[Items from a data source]
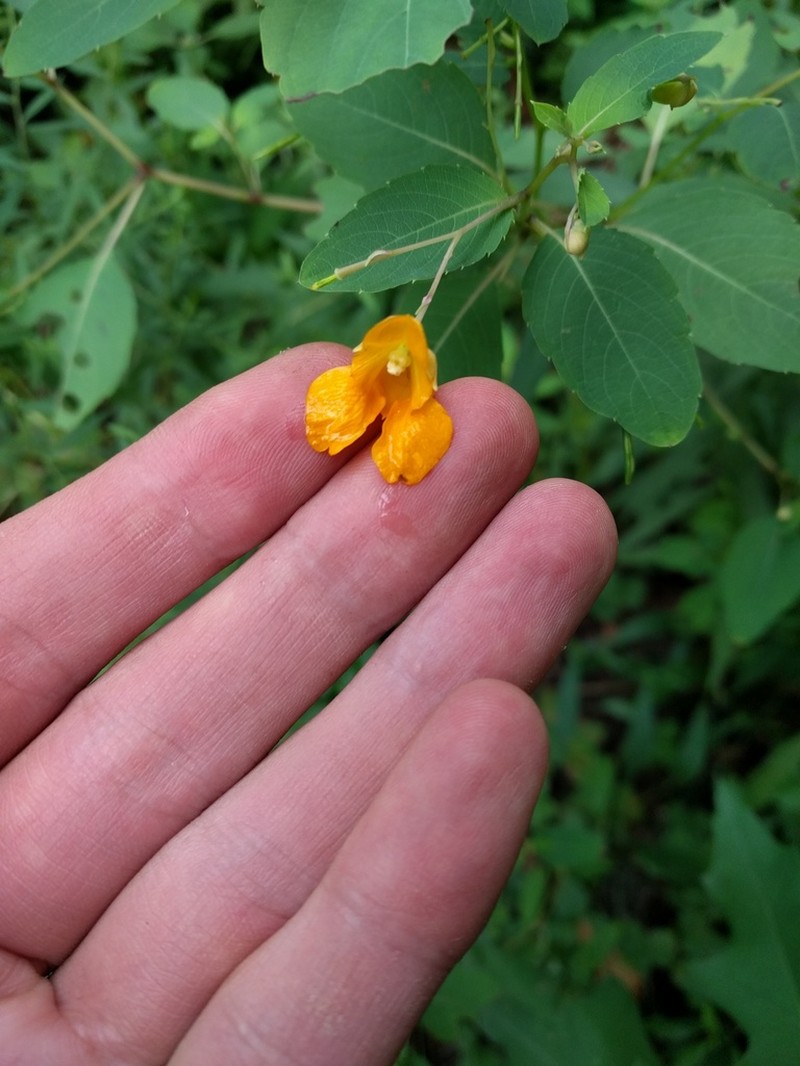 Jewelweed photo 7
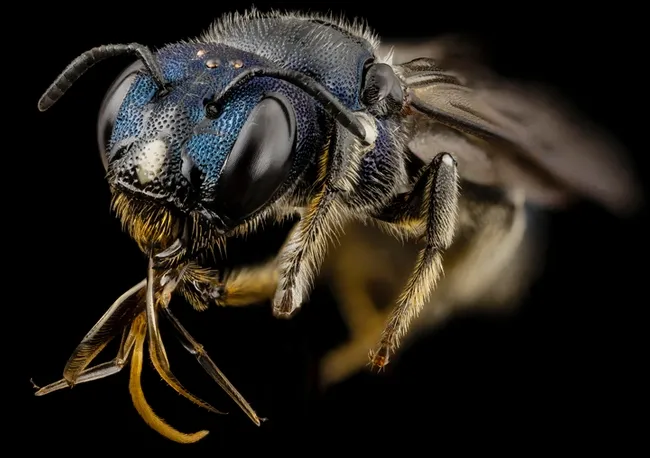 This macro image of a Ceratina bee is the work of Sam Droege of the bee inventory and monitoring program, the U.S. Geological Survey. This image is part of the public domain.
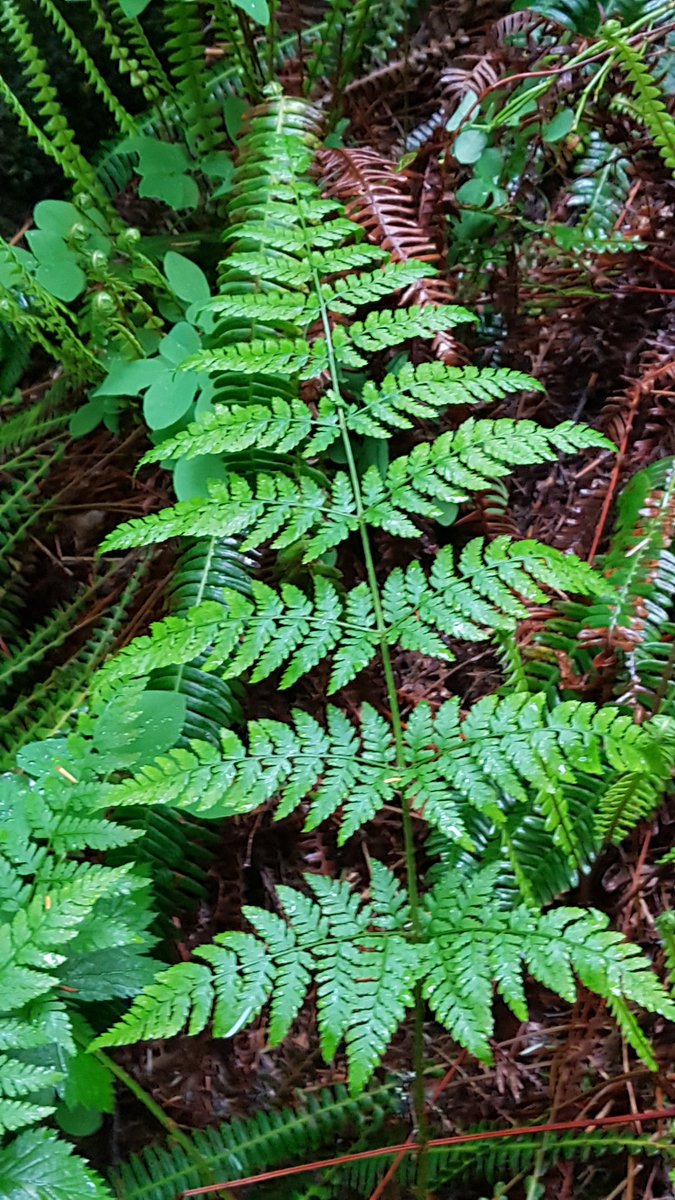 peggybe_oonujut's tweet photo. #IndigenousParadigm
#IndigenousResearch
The nursery logs and stumps had a huge lesson today. They remind me, as I am not a young person, that all stages of life are sacred. And from my bones, I birth sovereign children. #ThinkingGenerations https://t.co/2xvDzIiAiJ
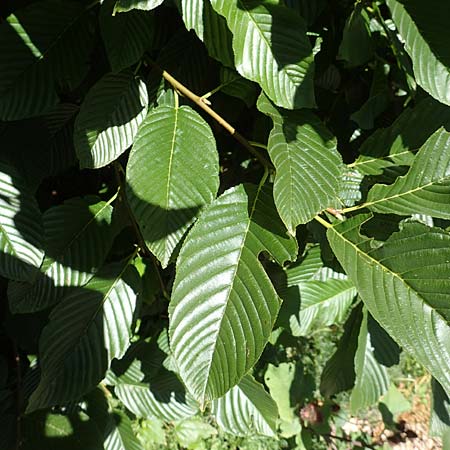 Rhamnus fallax / Carniolan Buckthorn, Croatia Učka 12.8.2016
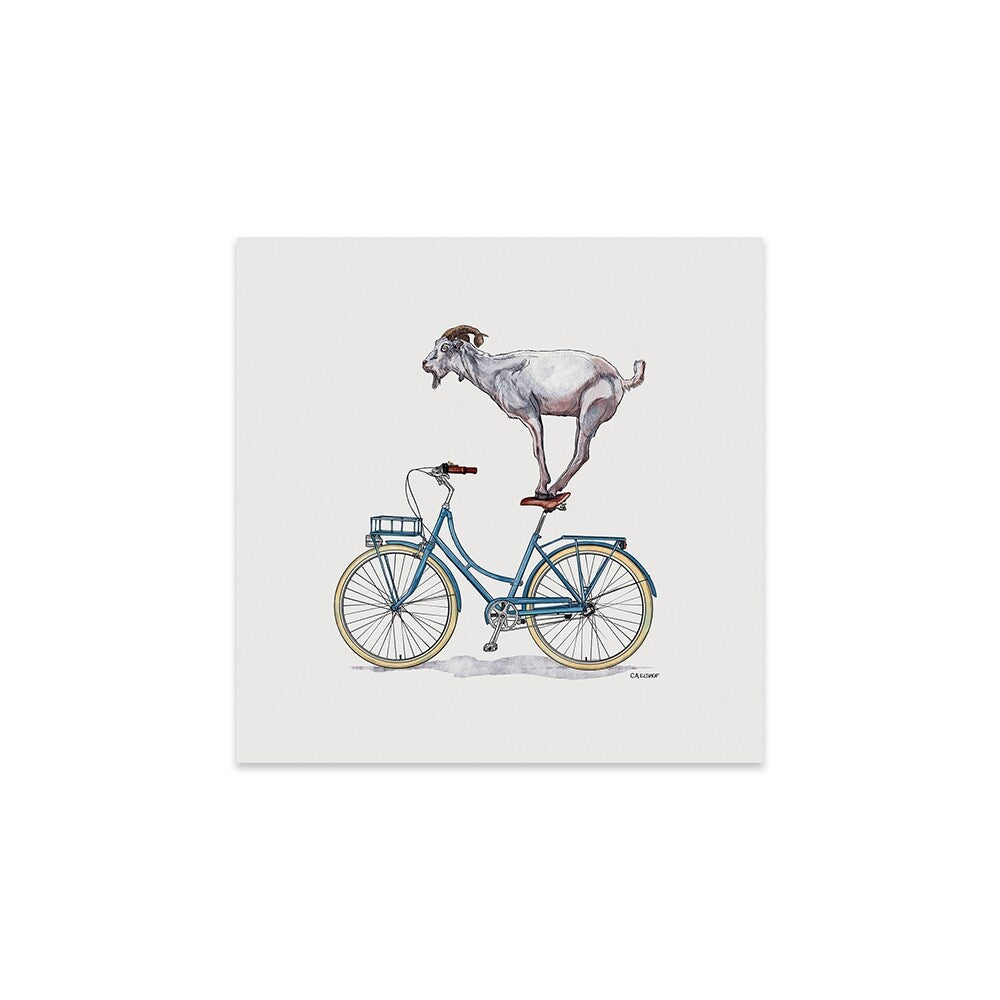 Goat On Bicycle Print On Acrylic Glass by Carolynn Elshof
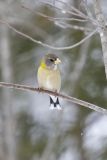 Evening Grosbeak, Coccothraustes vespertinus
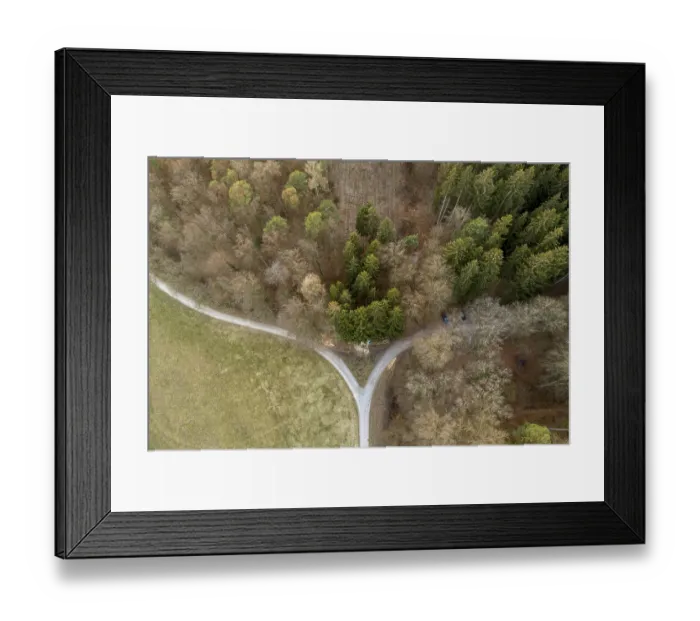 Framed Print : Bird's-eye view of a crossroads surrounded by thick trees and forest Framed Print : Bird's-eye view of a crossroads surrounded by thick trees and forest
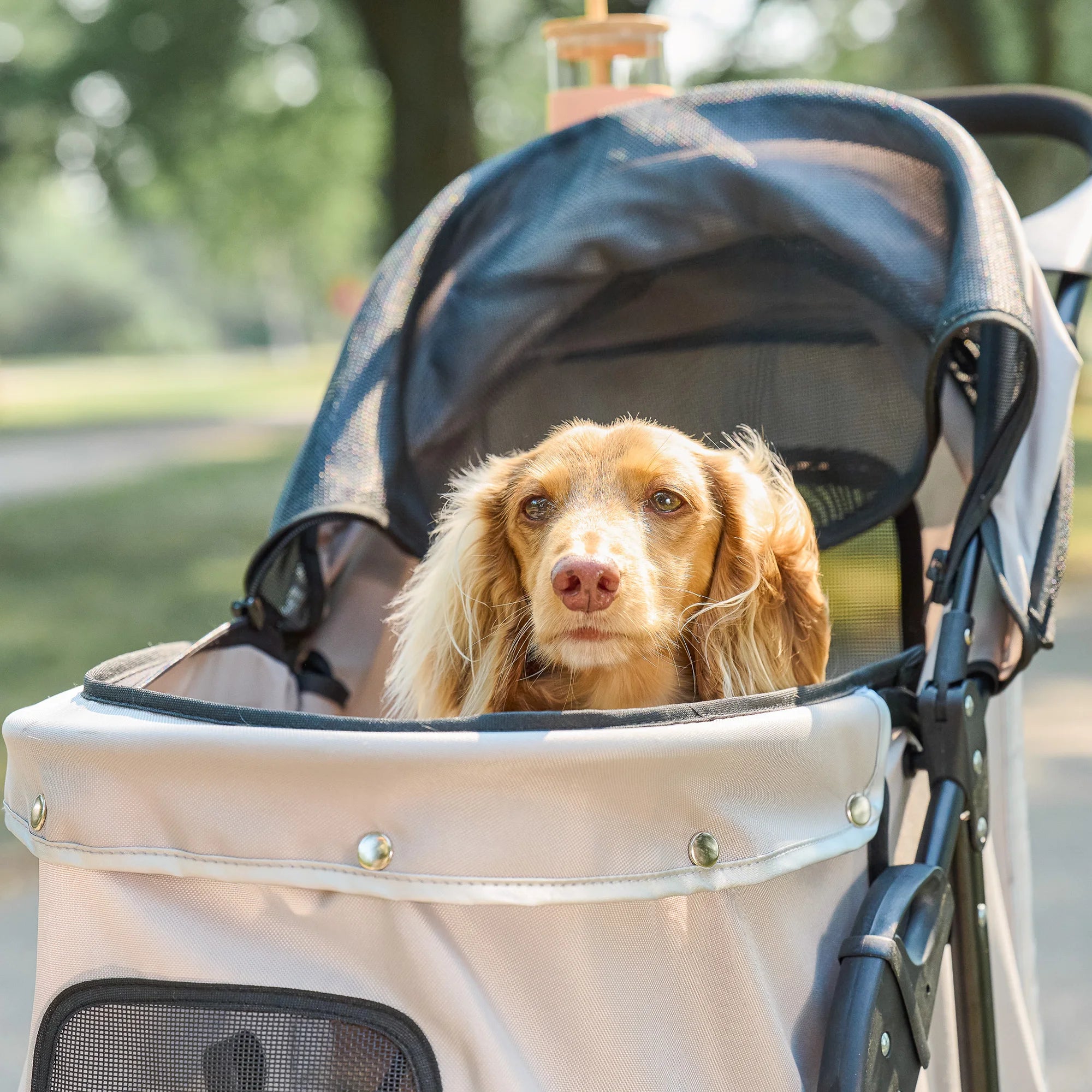 The Carlson Portable Pup Pet Stroller is a lightweight, foldable stroller with a mesh canopy, safety leash, and 360-degree wheels for easy outdoor walks.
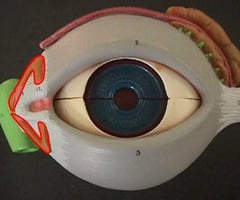 Image: Canaliculus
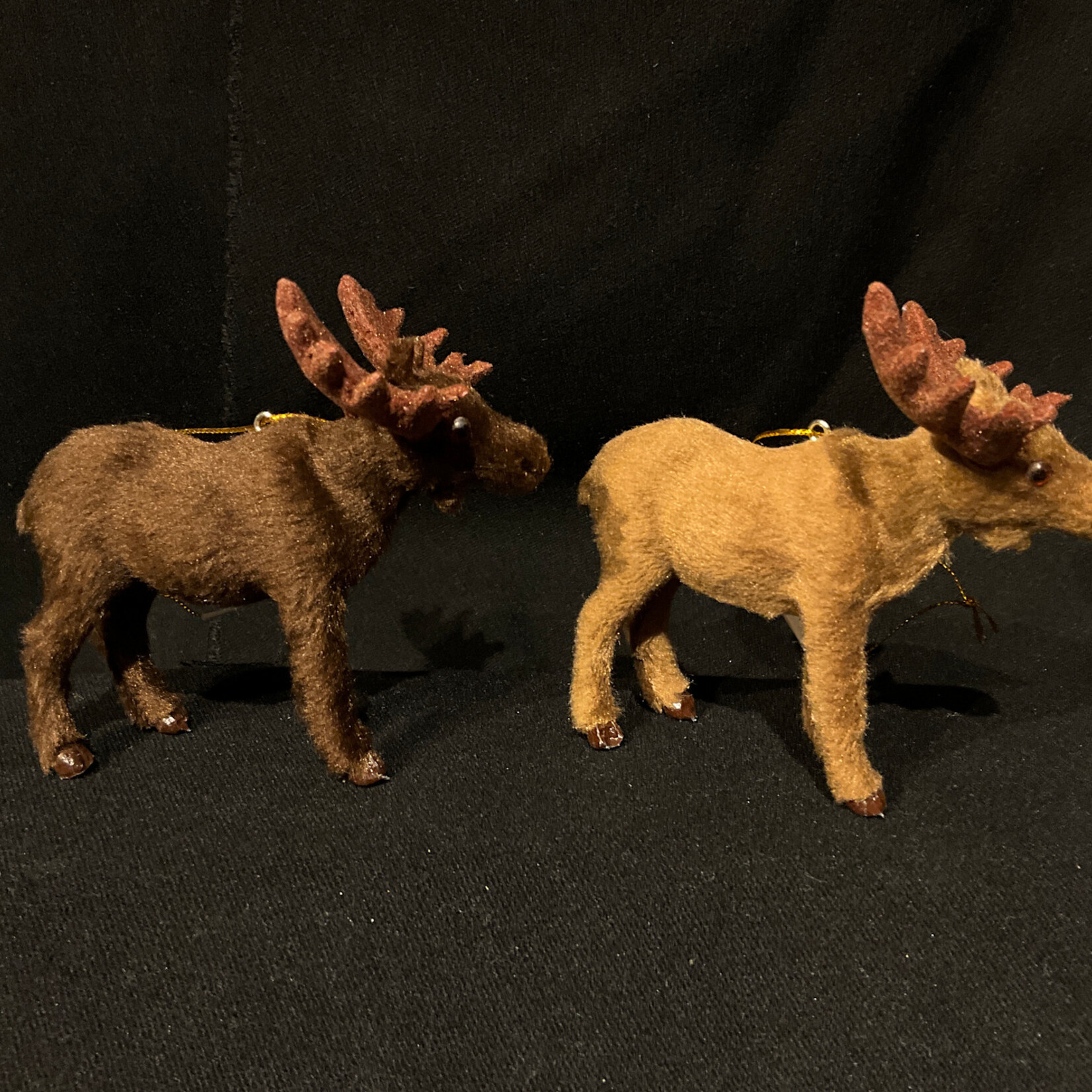 Furry Moose Orn 2A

◆ **WHAT YOU NEED TO DO**: Please copy exactly the lines from the one containing "Evening Grosbeak, Coccothraustes vespertinus" through the end of the records above, leaving out every picture.

◆ **TASK SOLUTION**:
 Evening Grosbeak, Coccothraustes vespertinus
 Framed Print : Bird's-eye view of a crossroads surrounded by thick trees and forest Framed Print : Bird's-eye view of a crossroads surrounded by thick trees and forest
 The Carlson Portable Pup Pet Stroller is a lightweight, foldable stroller with a mesh canopy, safety leash, and 360-degree wheels for easy outdoor walks.
 Image: Canaliculus
 Furry Moose Orn 2A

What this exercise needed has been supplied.